Well, the gist of the show is that the individual elements of buildings have shaped us an our environments far more than any individual architect-auteurs can lay claim to. Consider the escalator, the lift, the lavatory and yes, the suspended ceiling: all of these have shaped our cities significantly. And so each room pores over the development of an individual element in obsessive detail. We have a gallery of crappers through the ages; a wall given over to doorhandles designed by famed designers of the twentieth century; and the stories behind the introduction of the disabled access ramp. Architects and architecture are sidelined in favour of looking at the stories behind the constituent parts.
In the national pavilions spread throughout the Giardini gardens, there’s some unity in subject matter: each country finds a way of exploring the way modern architecture shaped their nation between 1914 and 2014. The Irish revel in drawings of hydro electric power stations; the Brits reconnect the admirable humanist intent of post-war housing projects to the utopian works of William Blake, William Morris and —er — Cliff Richard.
Grown men affect easy familiarity with late Renaissance architecture and tut at the gaucheness of the oligarch’s yachts parked up water-side that belong to the class of people who pay their wages
Taken together they deal throughly with ‘how we got here’ in their exploration of the last 100 years of building while ignoring the bigger question of ‘where do we go’. Koolhaas is a sharp chronicler of the place of modern architecture and its limited power in changing the world. He’s clearly troubled by the excesses of an aggressive capitalism that has flowered since the 1980s, changing architects from agents of cities or countries to agents of corporations. Yet a trinity of conditions press his energies into documenting a decline in the influence architecture can have rather than suggesting means of addressing it. He knows as much as any that architects are guns for hire; he’s painfully aware that modernism caused its fair share of problems by thinking it could save the world; and as he noted at the press conference, “he comes from a generation that is uncomfortable telling people what to do”. More’s the pity.
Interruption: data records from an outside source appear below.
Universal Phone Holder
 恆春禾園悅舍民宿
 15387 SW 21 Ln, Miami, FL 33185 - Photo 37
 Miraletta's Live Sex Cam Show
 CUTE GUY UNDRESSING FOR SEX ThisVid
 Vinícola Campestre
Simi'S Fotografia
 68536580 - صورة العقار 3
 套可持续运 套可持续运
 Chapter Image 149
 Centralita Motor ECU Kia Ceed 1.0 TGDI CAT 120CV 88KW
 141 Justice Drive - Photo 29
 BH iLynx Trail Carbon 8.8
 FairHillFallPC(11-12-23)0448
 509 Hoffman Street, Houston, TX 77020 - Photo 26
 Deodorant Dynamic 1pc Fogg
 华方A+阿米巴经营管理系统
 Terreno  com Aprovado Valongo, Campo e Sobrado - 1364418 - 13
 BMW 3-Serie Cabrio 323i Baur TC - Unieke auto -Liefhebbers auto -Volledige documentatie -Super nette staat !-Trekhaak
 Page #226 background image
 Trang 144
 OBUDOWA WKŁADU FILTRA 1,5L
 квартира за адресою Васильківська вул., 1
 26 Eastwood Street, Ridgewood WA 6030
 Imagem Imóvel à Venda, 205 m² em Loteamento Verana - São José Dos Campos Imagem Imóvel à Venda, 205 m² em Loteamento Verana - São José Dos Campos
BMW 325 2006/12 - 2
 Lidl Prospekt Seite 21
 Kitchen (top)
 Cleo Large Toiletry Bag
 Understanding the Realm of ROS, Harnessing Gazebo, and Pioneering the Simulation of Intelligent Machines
Meanwhile, the rituals of the group unfold across the watery city as they do every year. Grown men affect easy familiarity with late Renaissance architecture, lie through their teeth about the relative comfort of their “ever-so charming” lodgings in an expensive, space-deprived city and tut at the gaucheness of the oligarch’s yachts parked up water-side that belong to the class of people who pay their wages. Hours later they’ll be waving their arms in the air to 90s house at a palazzo pissup.